Counselor changes his life
When he was attending Colton High School in 1965 and was ready to flunk out of his classes and drop out, a counselor took an interest in him. He said it was this interest that turned his life around.
“Someone recognized that there was a spark in me and told me that I could go to college. I thought, ‘Get real.’ I was a little hoodlum,” he joked.
Thanks to that counselor’s faith in him, Perez not only graduated from high school but also earned an academic scholarship to the UC-Riverside. “It made a difference in my life and changed who I was. It saved me and got me out of the slums of Los Angeles.”
Perez became the first in a family of three children to attend college. His brother and sister followed suit.
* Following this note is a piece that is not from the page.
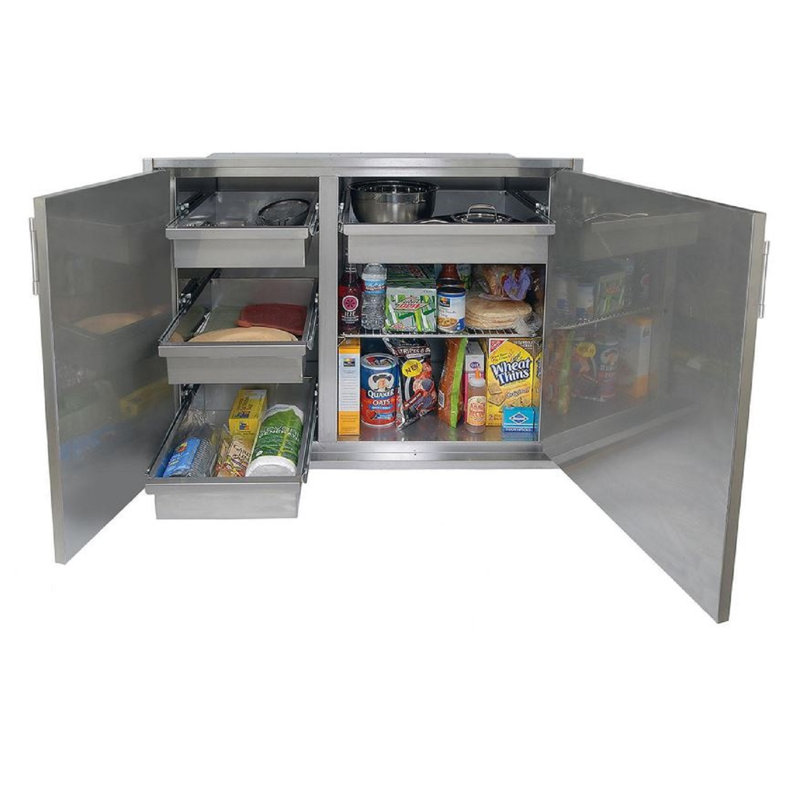 30" Low Profile Stainless Steel Dry Storage Cabinet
His mother, the youngest of 14 children, never attended high school and his father, the youngest of 15 children, only studied to the fifth grade.
His parents, who are now deceased, immigrated to the United States from Puerto Rico in the 1940s.
When he’s invited to speak at teaching functions, Perez always tells prospective educators that he would not trade all the money in the world for the abundance of love he’s received as a teacher. He still corresponds with former students who are now in their 40s.
“I’ve won all sorts of awards, but the best rewards are the letters I receive from parents and kids and past students who say, ‘Mr. Perez, I remember you.’ There’s a lot of feedback in teaching. I tell young and old teachers that if they don’t feel that love and joy in doing this, they need to consider a different profession because the money is not there.”
To deal with the job’s demands, Perez works out five days a week, plays the piano and is an amateur artist. He also loves to read science fiction novels. Frank Herbert’s “Dune” sits on his nightstand.
Perez is married to Shirakawa Elementary School Principal Pat Perez, and they have five children. His youngest daughter is in high school. Three of his children have graduated from college.